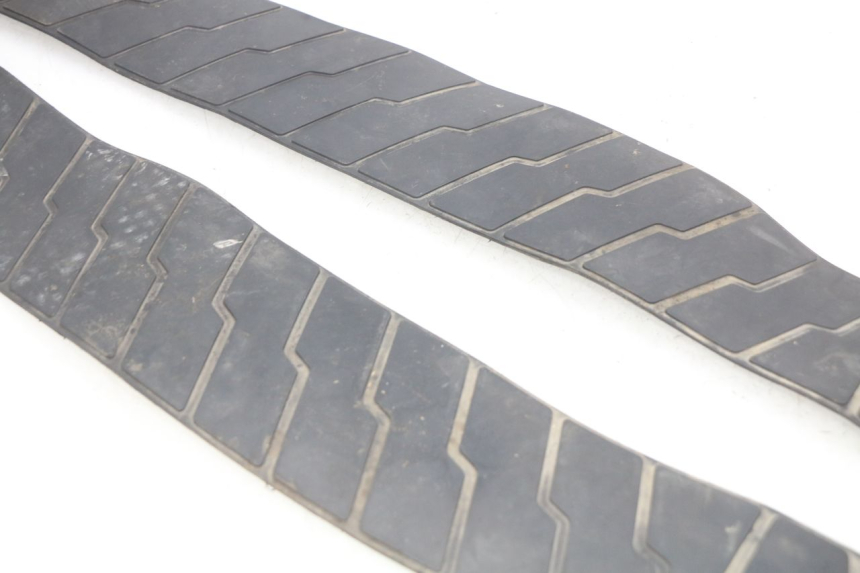 photo de FOOTBOARD MAT HONDA FES PANTHEON 2T 125 (1998 - 2002) - Fixing points details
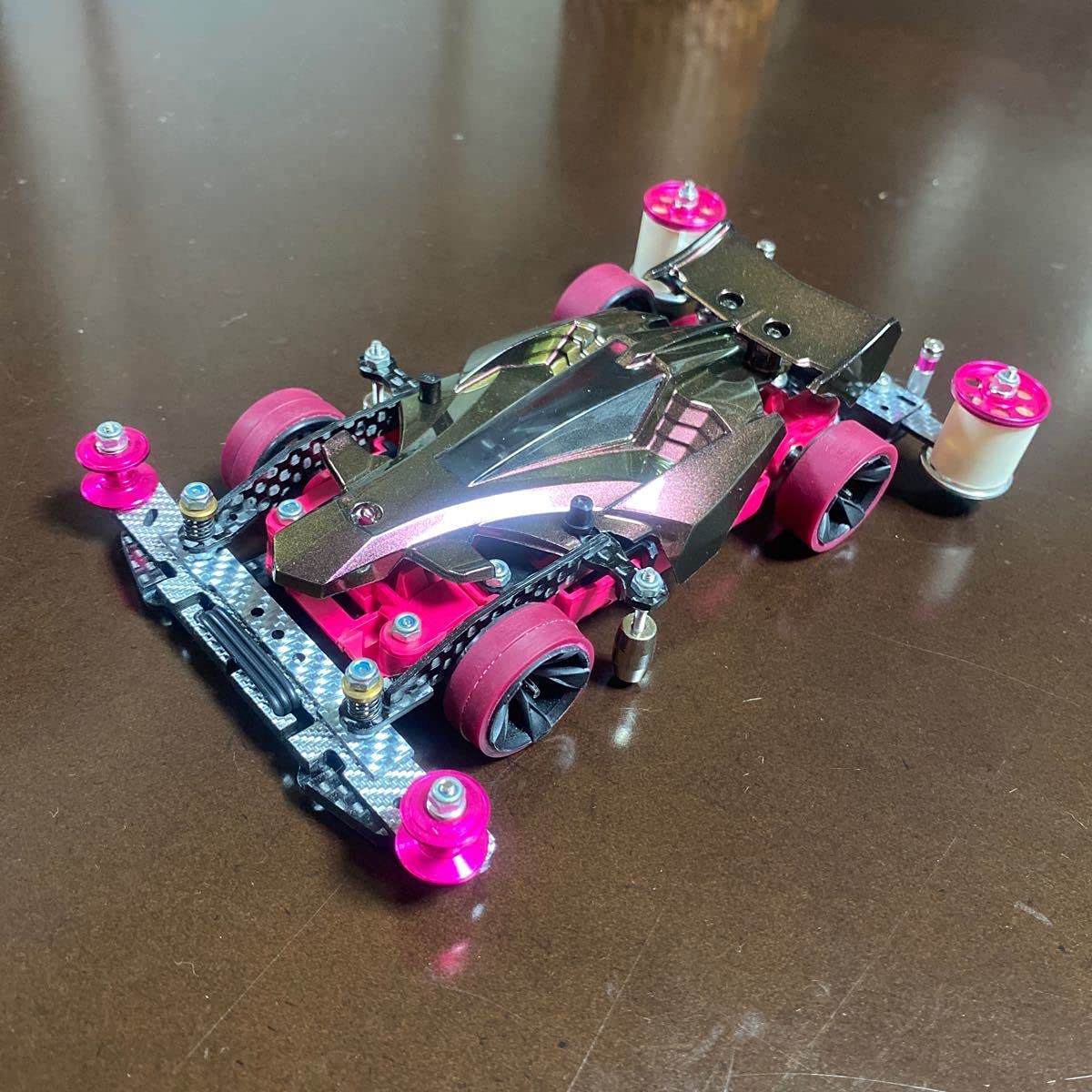 Amazon | ミニ四駆 完成品 アバンテ MK3 カーボン メタルアンカー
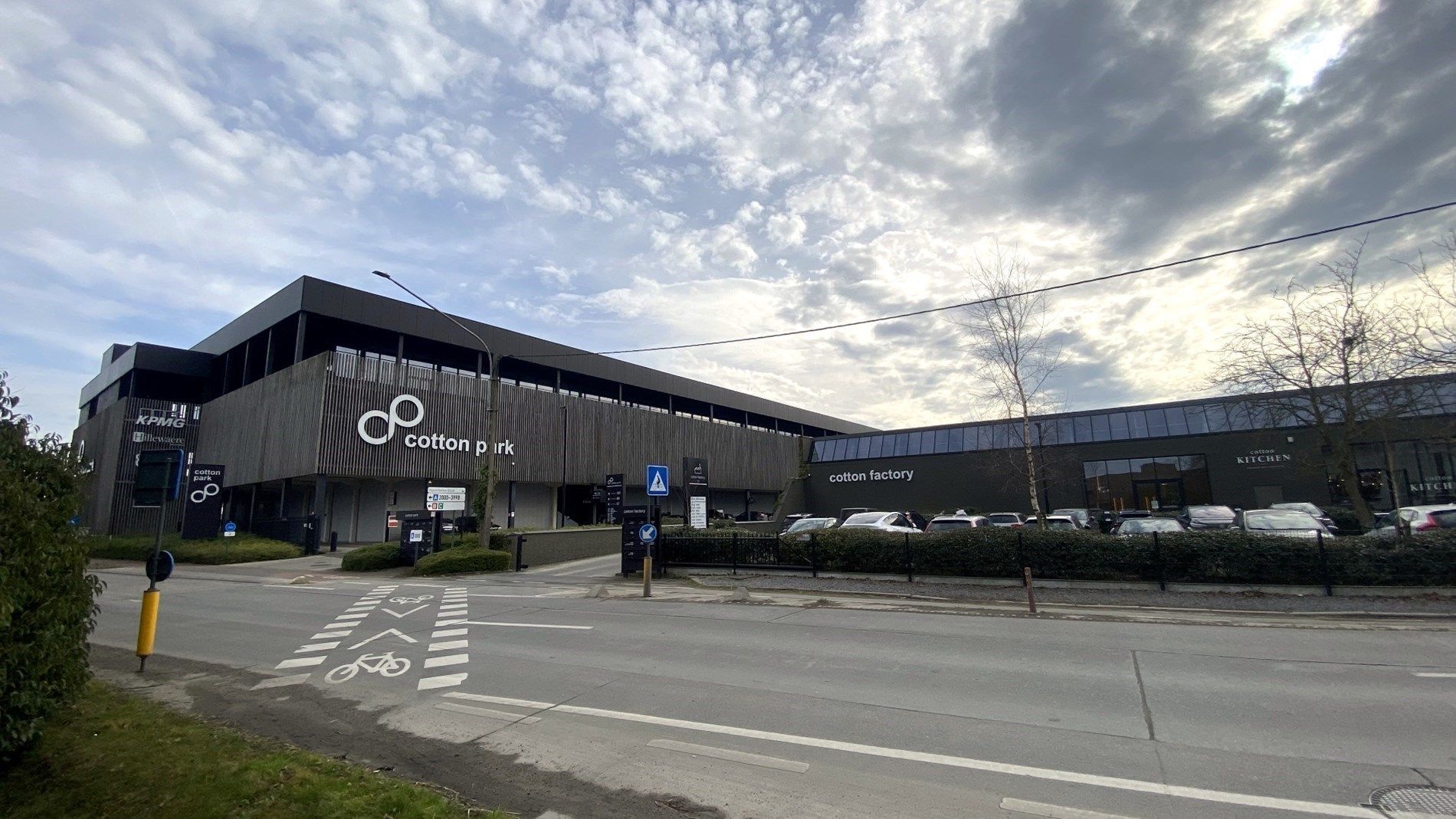 Gemeubelde kantoren met dienstverlening in Cotton Factory in Kortrijk foto 17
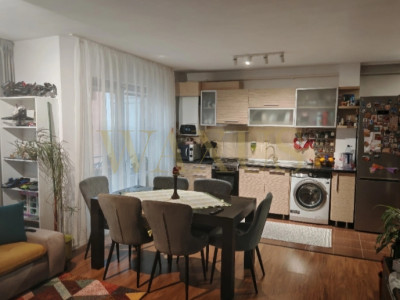 Apartament de 3 camere, balcon, 2 parcări, zona terra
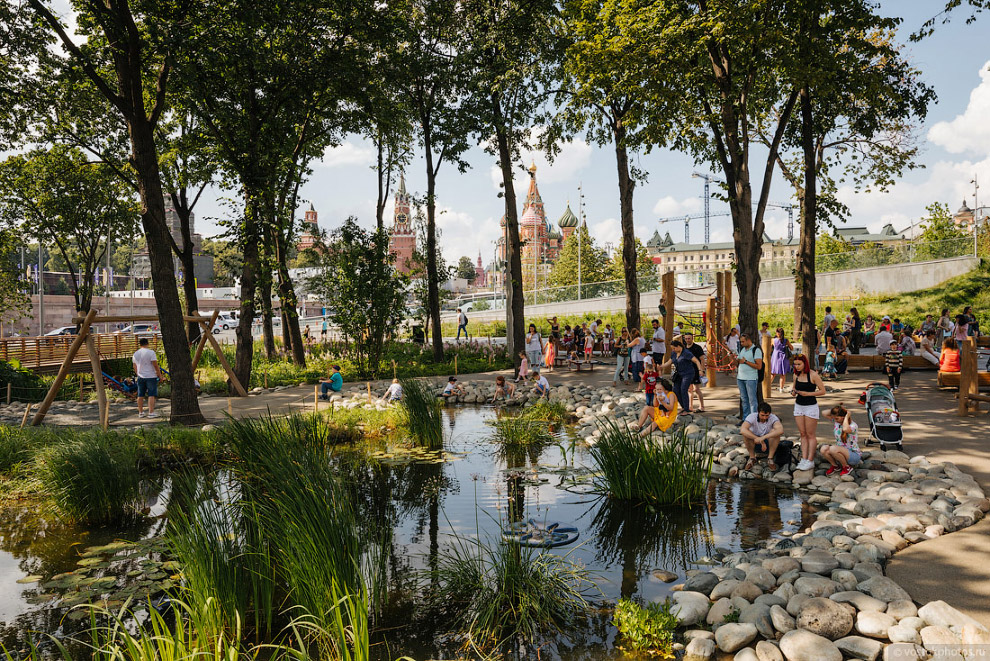 Как выглядит самый дорогой парк в Москве год спустя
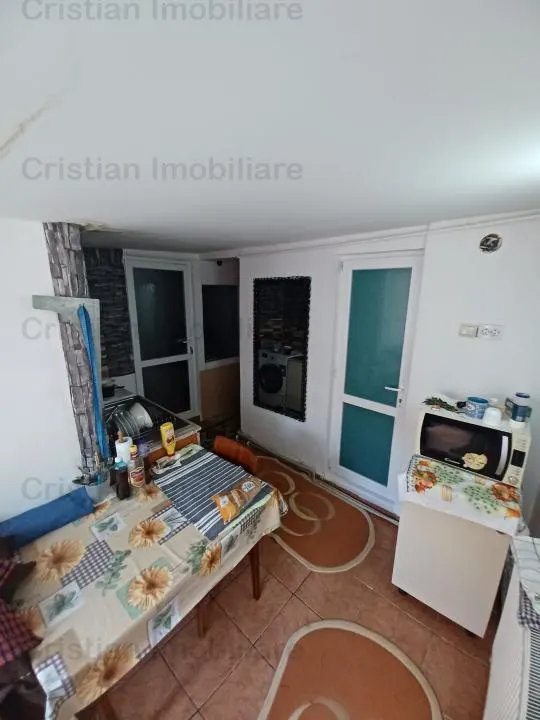 Centru- 3 camere 72mp utili  TOATE UTILITATILE - foto 8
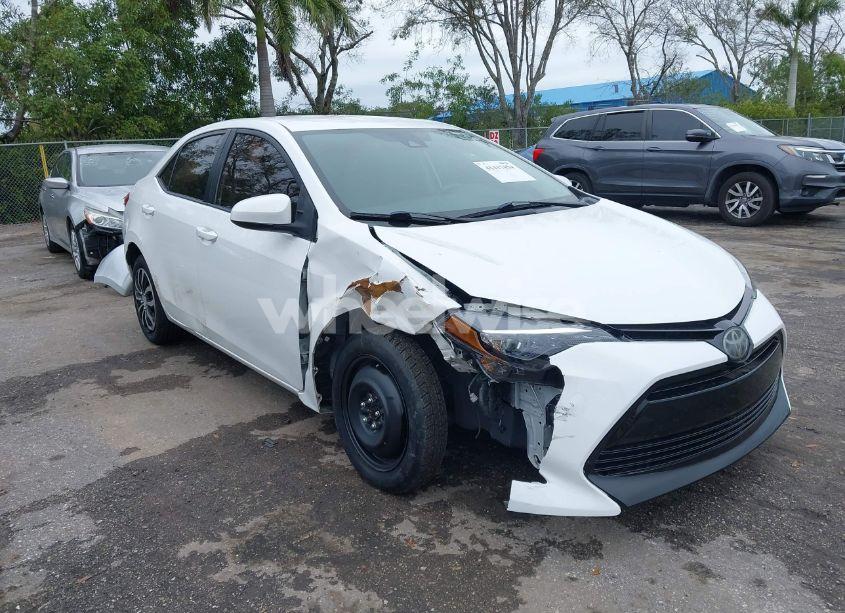 Photo 6 of 2017 Toyota Corolla LE (VIN 2T1BURHE2HC811835)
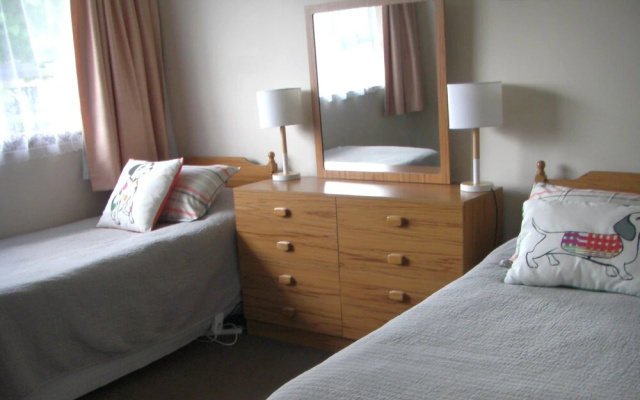 Ascot Holiday Home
---
Repeat the data in full and exactly. Omit pictures.

 photo de FOOTBOARD MAT HONDA FES PANTHEON 2T 125 (1998 - 2002) - Fixing points details
 Amazon | ミニ四駆 完成品 アバンテ MK3 カーボン メタルアンカー
 Gemeubelde kantoren met dienstverlening in Cotton Factory in Kortrijk foto 17
 Apartament de 3 camere, balcon, 2 parcări, zona terra
 Как выглядит самый дорогой парк в Москве год спустя
 Centru- 3 camere 72mp utili  TOATE UTILITATILE - foto 8
 Photo 6 of 2017 Toyota Corolla LE (VIN 2T1BURHE2HC811835)
 Ascot Holiday Home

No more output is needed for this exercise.